The other largest structures of Russian state-owned banks - VTB Bank and BM Bank - never found buyers in 2017.
The year of 2017 forced the National Bank to take a difficult decision. In March, on the regulator’s recommendation, Ukraine imposed for a year sanctions on Ukrainian subsidiaries of Russian state-owned banks, including Sberbank, VS Bank, Prominvestbank, VTB Bank, and BM Bank. Sanctions prohibit the withdrawal of capital in favor of their parent structures, while not affecting payments through these banks to Ukrainians and not interfering with the pre-capitalization and sale of financial institutions.
The NBU move followed numerous reports in the Russian media about the Russian financial institutions accepting “passports” of their clients from the Kremlin puppet regimes - the so-called “DPR” and “LPR”, which the banking institutions operating in Ukraine must not accept.
In October, the regulator banned Ukrainian banks from working with Russian banknotes and coins depicting sites in the occupied territory of Ukraine in response to the statement by Russia’s central bank on the introduction of new banknotes with symbols of the occupied Sevastopol portrayed on them.
At the same time, the NBU has not yet decided to completely prohibit the circulation of the cash Russian ruble in the territory of Ukraine, explaining this by the needs of Ukrainian citizens and businesses.

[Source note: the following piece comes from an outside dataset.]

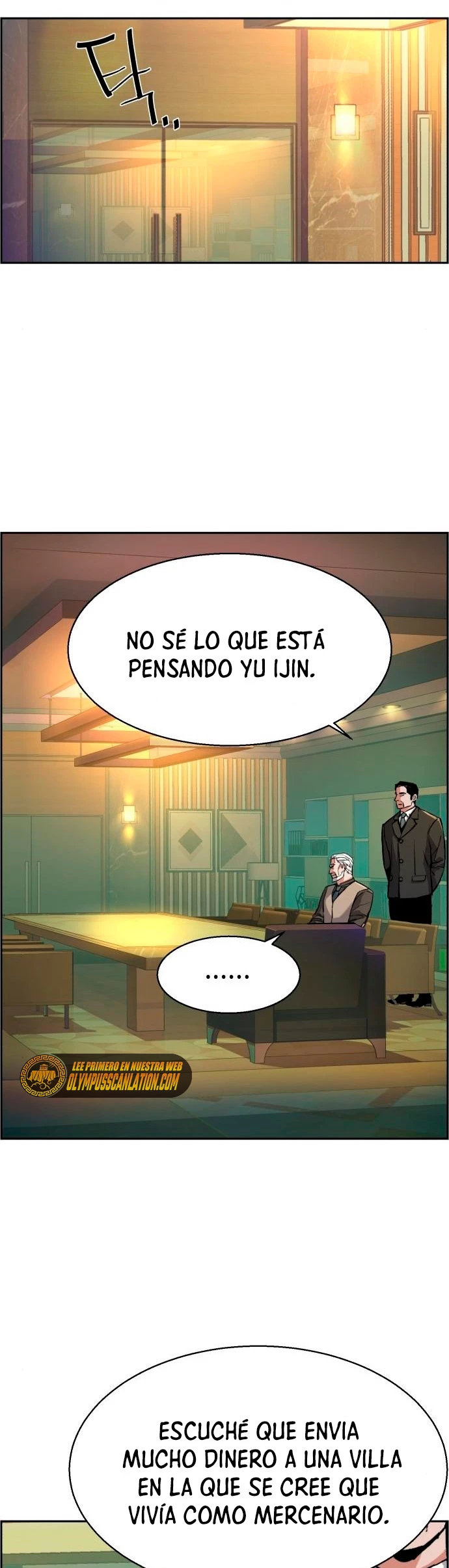 Inscripcion de mercenarios Capítulo 85 - Página 14 en español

According to the National Bank estimates, the year of 2017 can be considered rather successful for the banking system; however, structural changes in the economy moved at a snail's pace, the efficiency of state banks was low, while the legal system remained weak.

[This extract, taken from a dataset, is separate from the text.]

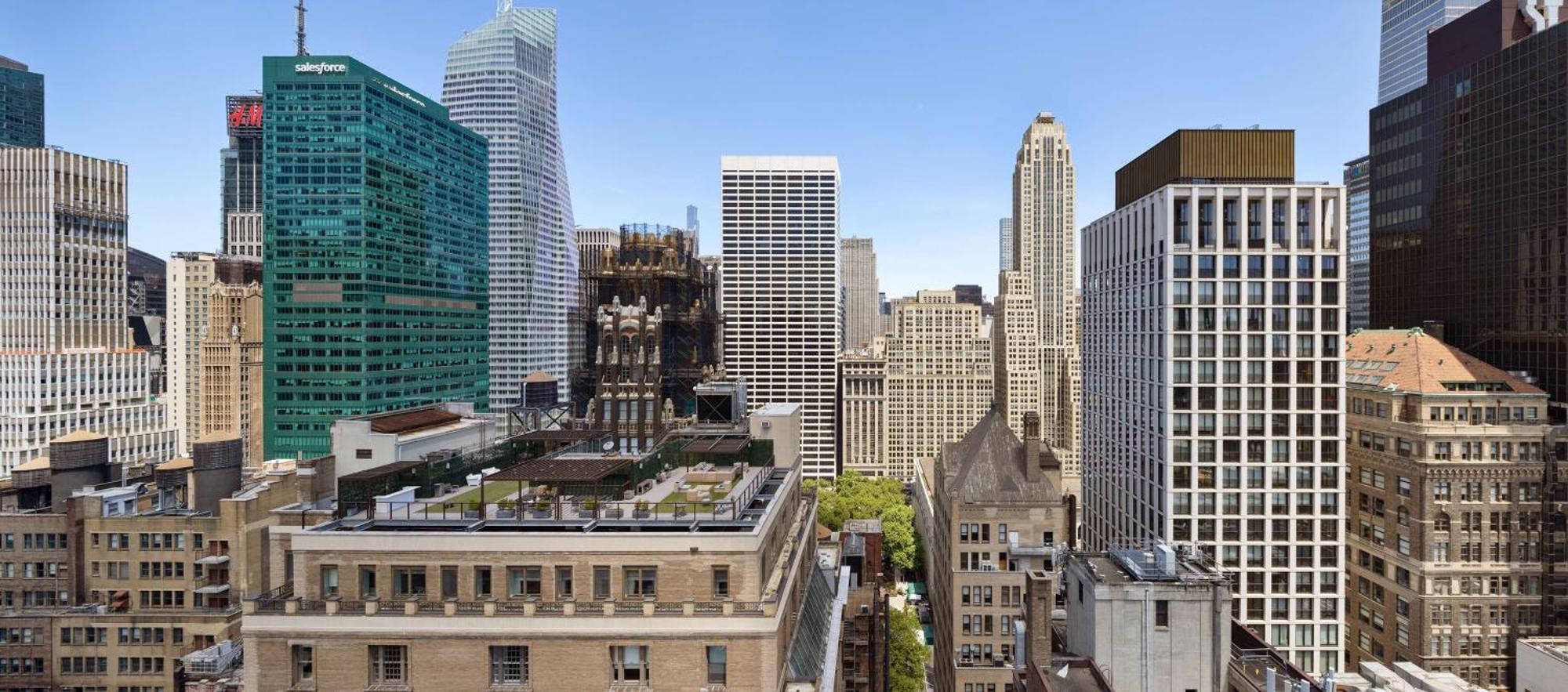 Grayson Hotel New York Luaran gambar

In December, the NBU management shared their plans for the next year: from January 1, an annual assessment of banks’ stability is being introduced, while in the first half of the year the regulator intends to oblige banks to start working on reducing their bad debts.

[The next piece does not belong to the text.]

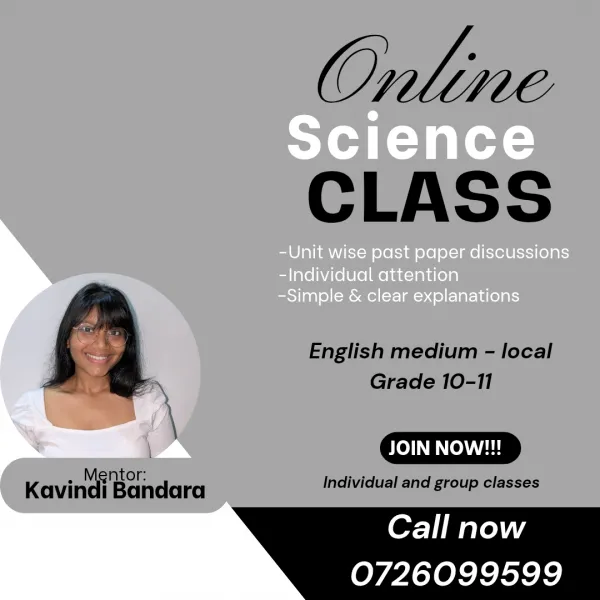 Grade 10-11 Science English medium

As a year earlier, the National Bank hopes that the laws necessary for the banking system will be adopted, a new strategy for state-owned banks will emerge, and funds in the single account of the State Treasury will be managed reasonably.
In 2018, the regulator does not expect bankruptcies of large banks, assuming that small financial institutions can leave the market without any significant shocks for depositors and creditors.
Bankers are also looking at the future with cautious hope.
In 2018, the current trends will prevail, according to Tamas Hak-Kovacs, head of the board at the OTP Bank, who believes that, despite the general hope for digitalization, the banking departments will remain the main channel of banking services, but they will have to invest in technology in the face of a shortage of labor force.
In his opinion, for the simultaneous growth and improvement of the quality of loan portfolios, financial institutions need to improve their approaches to risk management, taking into account the conditions of the "gray" economy in which Ukraine operates.
Head of the board of the Pivdennyi Bank Alla Vanetsiants believes that in 2018 competition among banks will increase, while certain risks are possible, associated with the intensification of the political struggle on ahead of the presidential and parliamentary elections.
"In combination with uncertainty over cooperation with the IMF, this may put pressure on the hryvnia exchange rate. The lack of significant growth in the country's economy and tightening of the regulator's requirements do not imply the growth of the banking system," the banker predicts.
It is hard to say definitely what this year will bring for banks and their customers as Ukraine is entering the active phase of its pre-election race. Any election campaign traditionally slows down the progressive steps of the authorities and exacerbates populist sentiment, which is good for those who food handouts in exchange for their votes, but at the same time detrimental to the national currency and the banking system.